あらすじに「予想外の方向へ向かう」と書いてあるが、まさにそうです。ヴェネツィアで脚本賞を受賞しただけのことはあります。主人公は娘の死でおかしくなっていて、何をしでかすか全くもってわからない。そして、最初に抱いていた様々な印象をことごとく変えてきて、その変化が映画に深みと面白みを持たせているところがすごい。素晴らしい脚本です。あっという間の115分だった。もっと見たい。

IMDbにComedyとジャンル分けされているように、この映画は全体に笑いの要素が散りばめられています。一定間隔で笑わせてきますので、非常に面白かった。フランセスマクドーマンド演じる主人公が復讐に囚われていて恐怖心を抱かせるものの、ある側面では滑稽に描いているのが非常にブラックなコメディで面白い。

監督のマーティンマクドナーはイギリスの方だそうです。本作は主人公にアメリカそのものを象徴とさせているような気がしました。
主人公の復讐に囚われている姿はどこかアメリカと重なってくる。根拠が定まらないうちに報復してしまうのも、まさにアメリカそのもののように見えます。
しかし、怒りは結果として何も生まない。本当に必要なのは「愛」ということを教えてくれます。そして、人は見かけで判断できなく、堕落してしまっても人はいつでも変われるものだとも教えてくれる。
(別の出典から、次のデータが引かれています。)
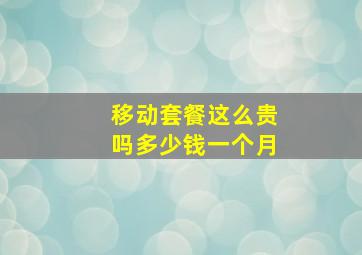 移动套餐这么贵吗多少钱一个月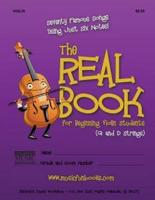 The Real Book for Beginning Violin Students (G and D Strings)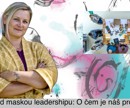 220 - Pod maskou leadershipu: O čem je náš projekt?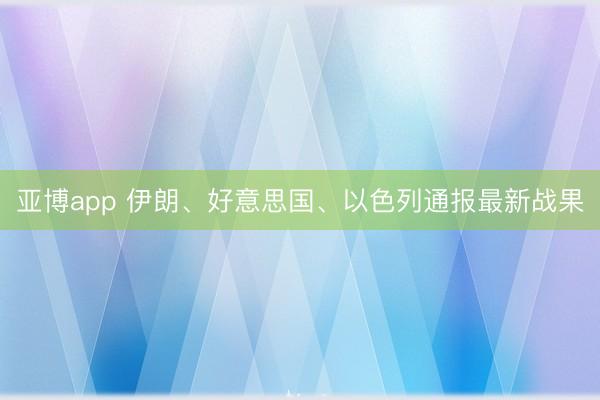 亚博app 伊朗、好意思国、以色列通报最新战果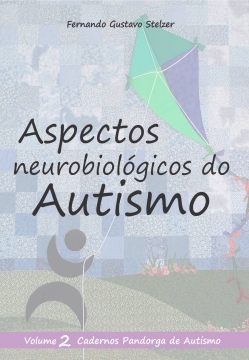 Aspectos neurológicos do Autismo Vol. 2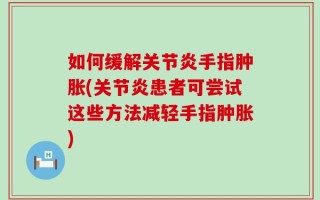 如何缓解关节炎手指肿胀(关节炎患者可尝试这些方法减轻手指肿胀)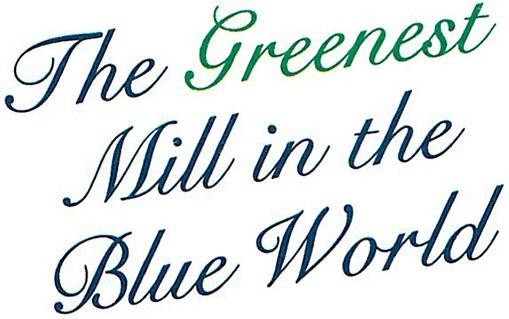 The Greenest Mill in the Blue World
実は結構胸に突き刺さる話だったりします。

キャストの迫真の演技力にも注目。フランセスマクドーマンドとウディハレルソン、サムロックウェル、ケイレブ・ランドリージョーンズ。この4人の演技は素晴らしかった。
キャスティング力なのか、俳優自体の印象を効果的に使っていたところが秀逸。
ネトフリ限定の「ベビーシッター」で最高にホットな美女を演じたサマラウィーヴィングも出ています。

ものすごい小ネタが効いていて、町山さんの解説と映画マニアの情報がないとわからないものが多かった。